*TASK DETAILS*. The reply should hold only the lines from the one with "Plow & Hearth" to the one with "Bidet Attchment ใหม่น้ําหนักเบา", both ends kept, exactly as they appear below, without any pictures.

*DATA FOR ANALYSIS*.
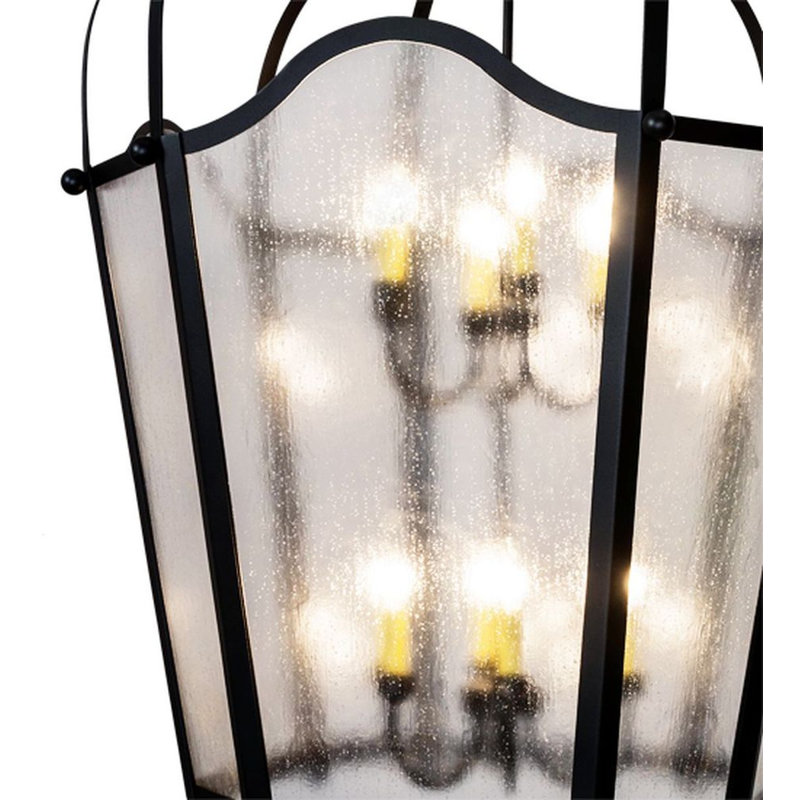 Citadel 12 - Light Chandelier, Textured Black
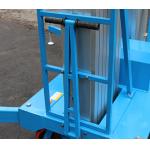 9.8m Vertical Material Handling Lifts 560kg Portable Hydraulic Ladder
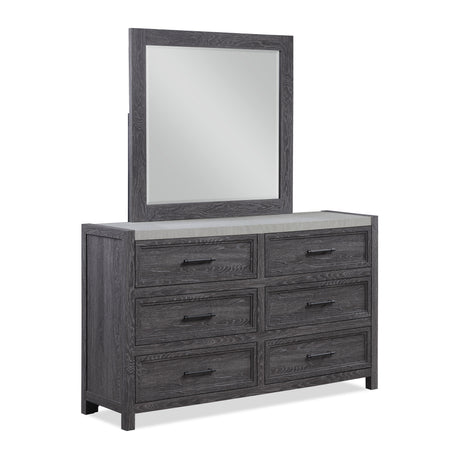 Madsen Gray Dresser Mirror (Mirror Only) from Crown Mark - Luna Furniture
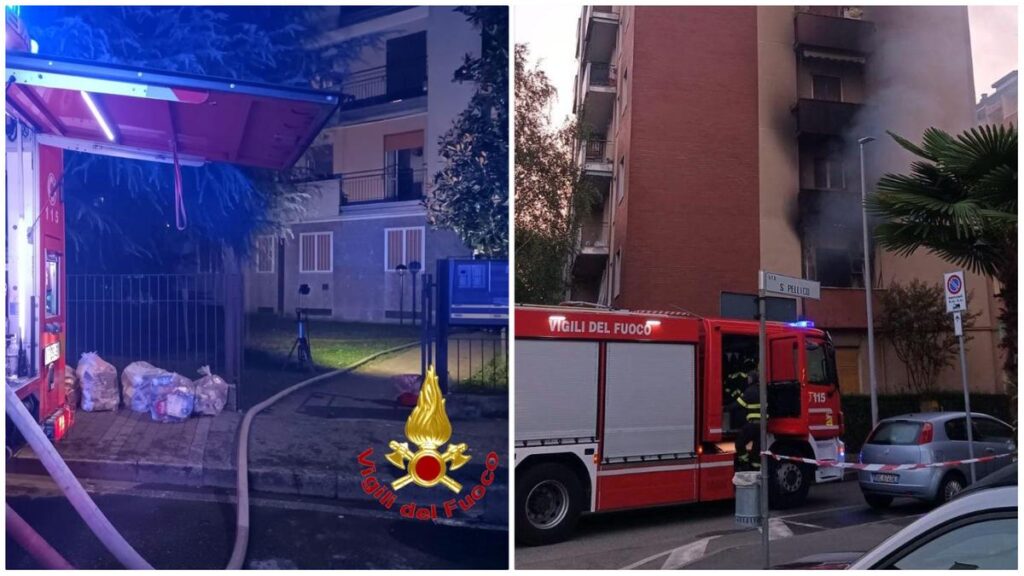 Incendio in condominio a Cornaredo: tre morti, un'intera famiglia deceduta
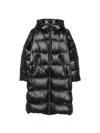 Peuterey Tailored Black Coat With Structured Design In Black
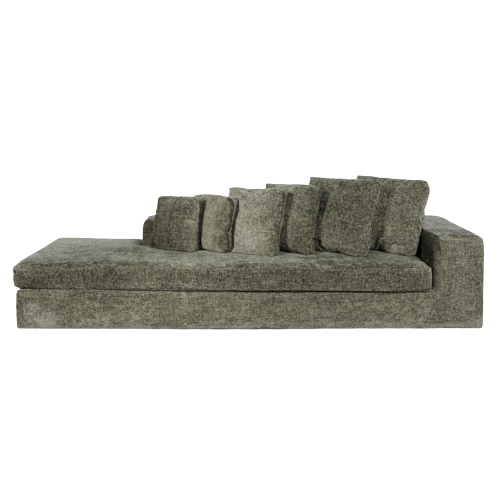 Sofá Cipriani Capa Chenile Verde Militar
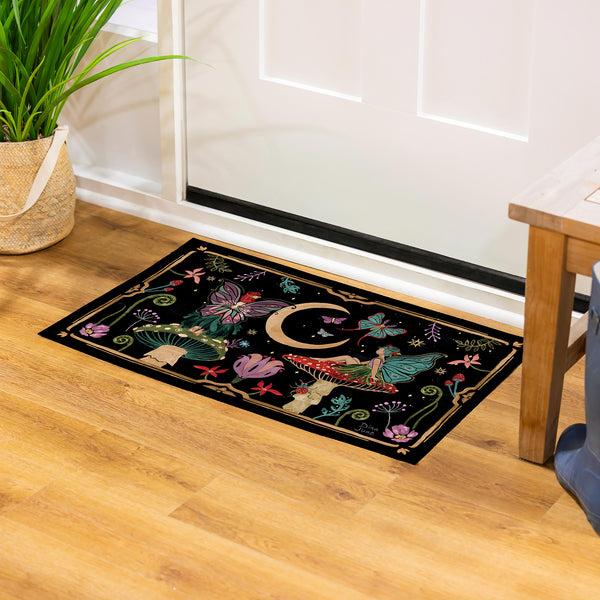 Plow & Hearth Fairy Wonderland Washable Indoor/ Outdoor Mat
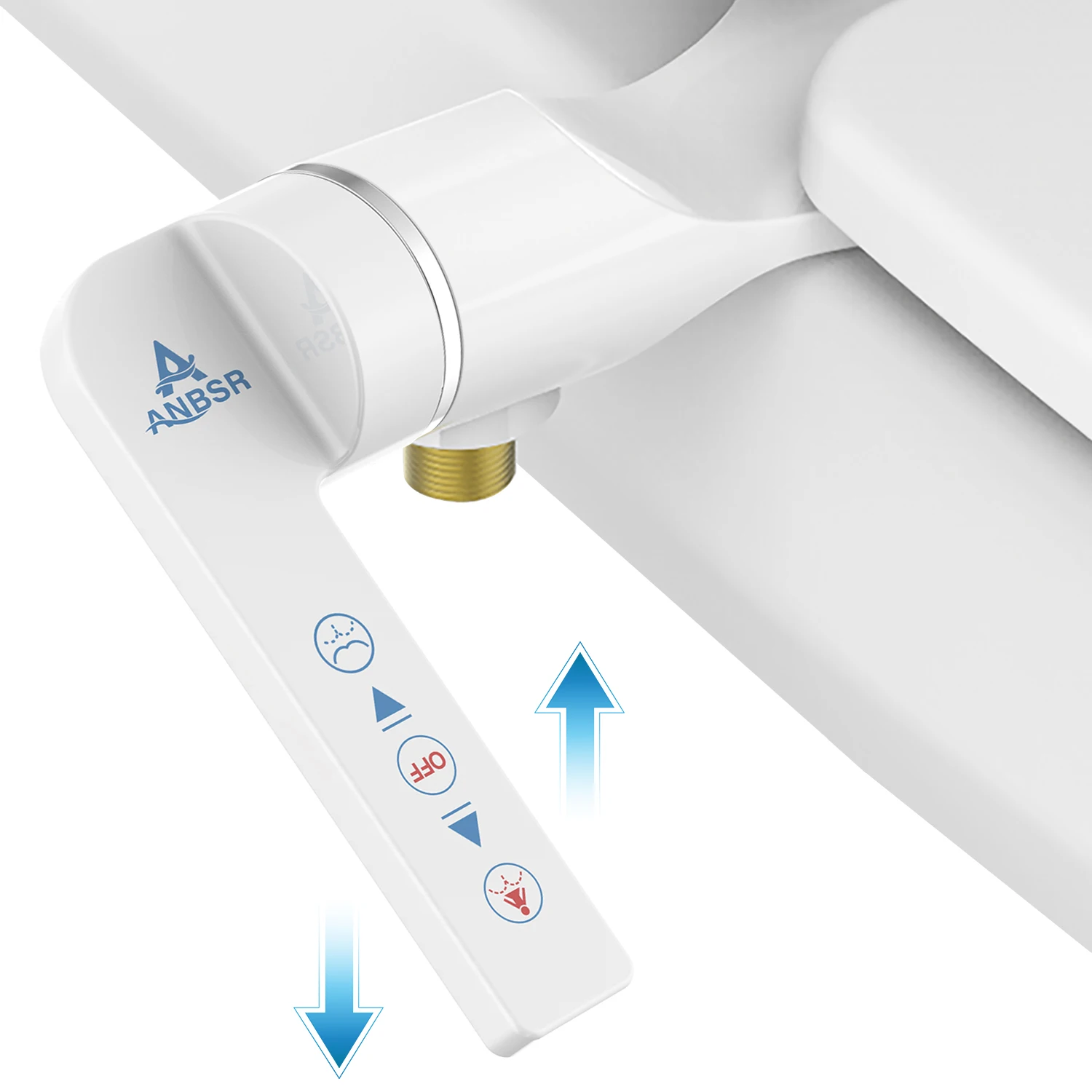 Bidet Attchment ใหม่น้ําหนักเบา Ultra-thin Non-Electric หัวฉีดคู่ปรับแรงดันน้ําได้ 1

--

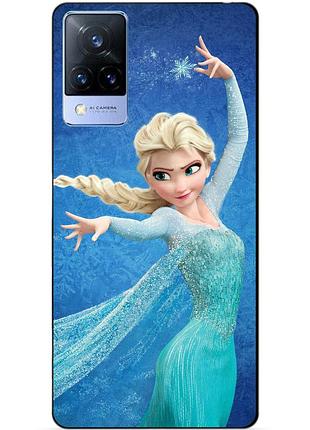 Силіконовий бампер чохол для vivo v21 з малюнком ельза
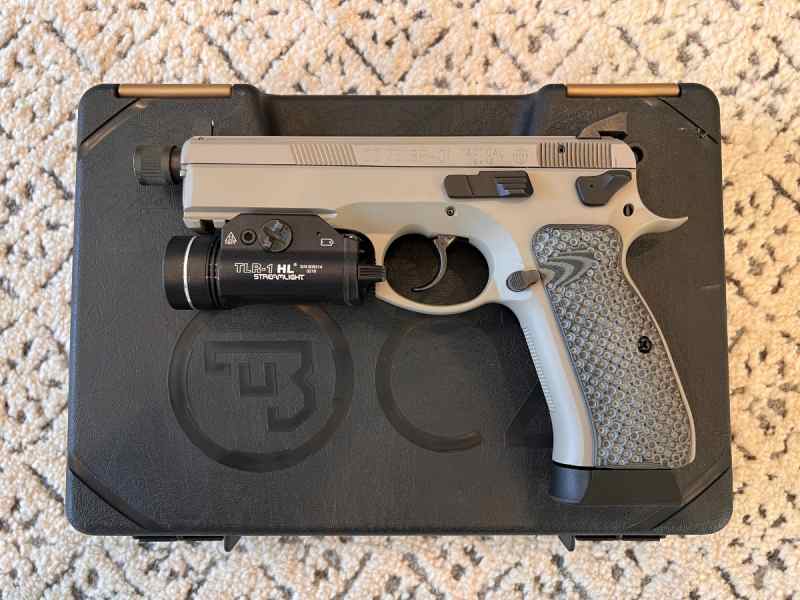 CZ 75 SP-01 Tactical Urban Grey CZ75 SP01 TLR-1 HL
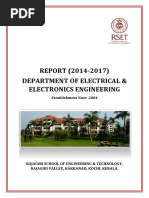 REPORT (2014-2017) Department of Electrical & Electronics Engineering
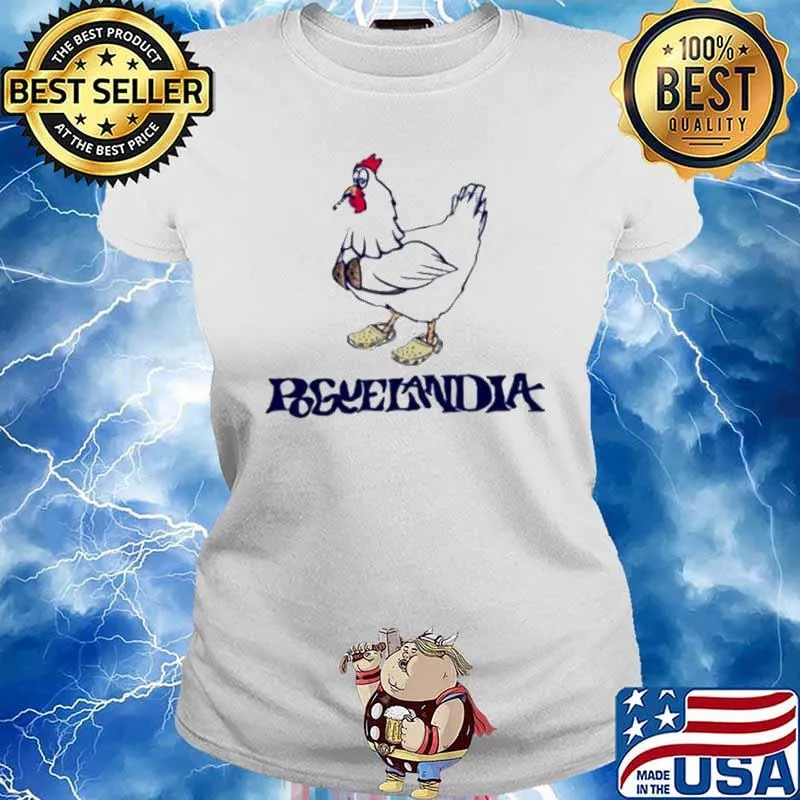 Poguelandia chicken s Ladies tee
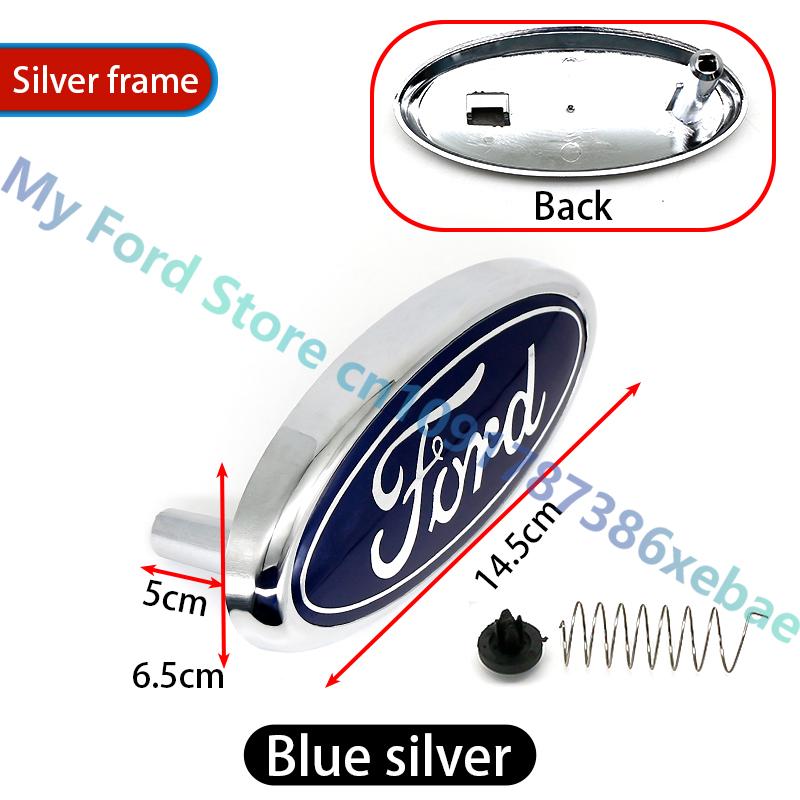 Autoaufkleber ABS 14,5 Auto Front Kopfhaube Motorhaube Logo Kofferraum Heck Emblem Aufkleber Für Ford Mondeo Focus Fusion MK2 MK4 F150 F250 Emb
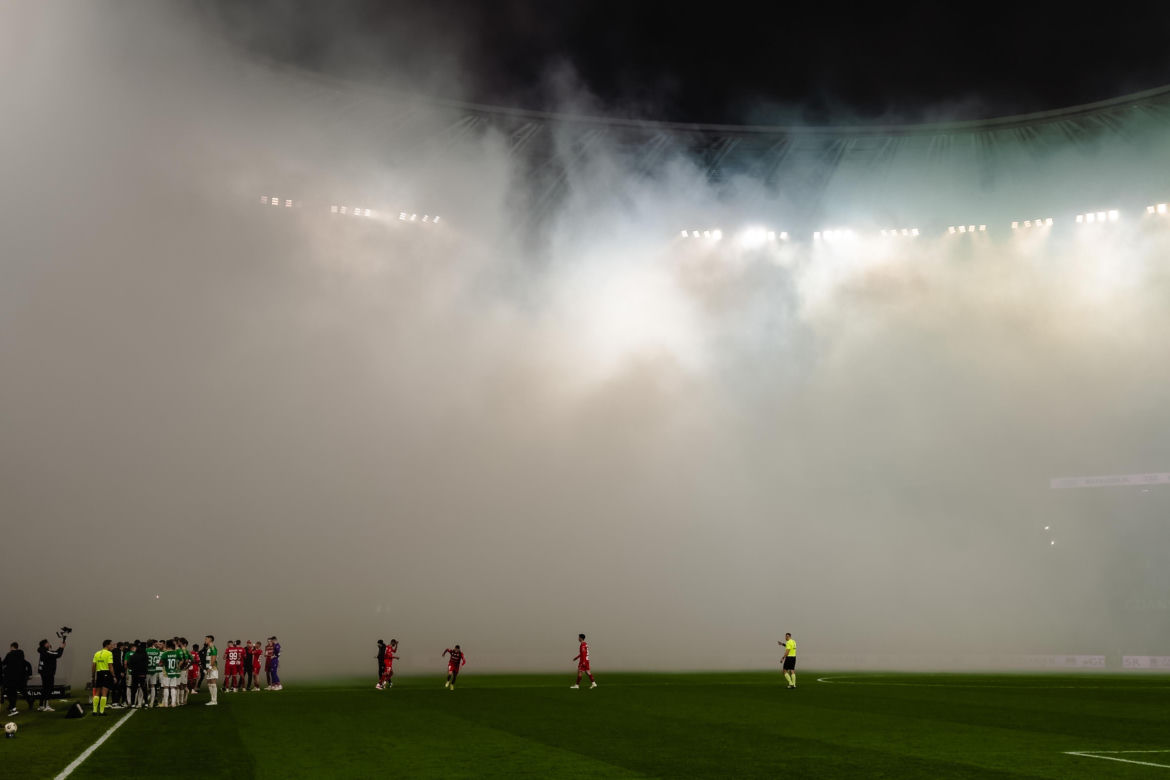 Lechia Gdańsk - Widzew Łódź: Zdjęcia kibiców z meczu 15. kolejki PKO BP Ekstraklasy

==

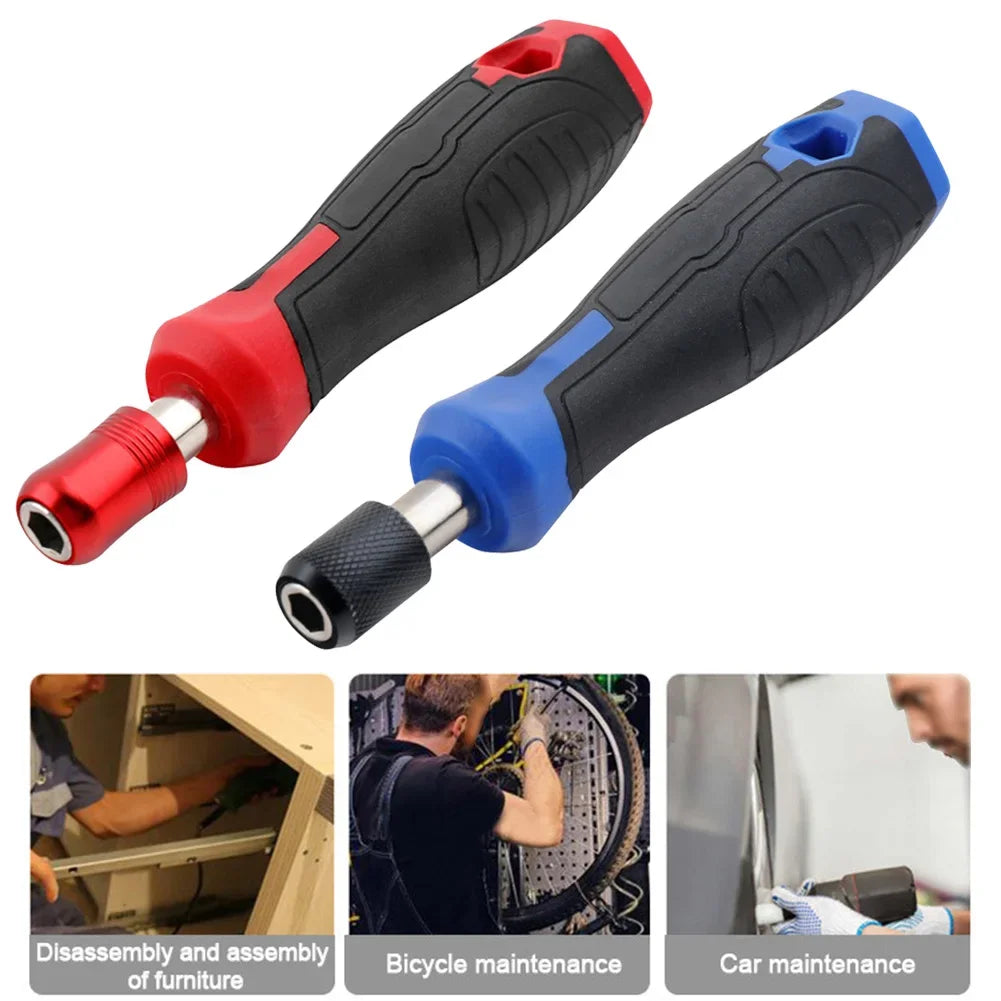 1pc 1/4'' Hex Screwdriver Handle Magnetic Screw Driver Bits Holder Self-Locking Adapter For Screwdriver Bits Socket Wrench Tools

*YOUR RESPONSE*.
 Plow & Hearth Fairy Wonderland Washable Indoor/ Outdoor Mat
 Bidet Attchment ใหม่น้ําหนักเบา Ultra-thin Non-Electric หัวฉีดคู่ปรับแรงดันน้ําได้ 1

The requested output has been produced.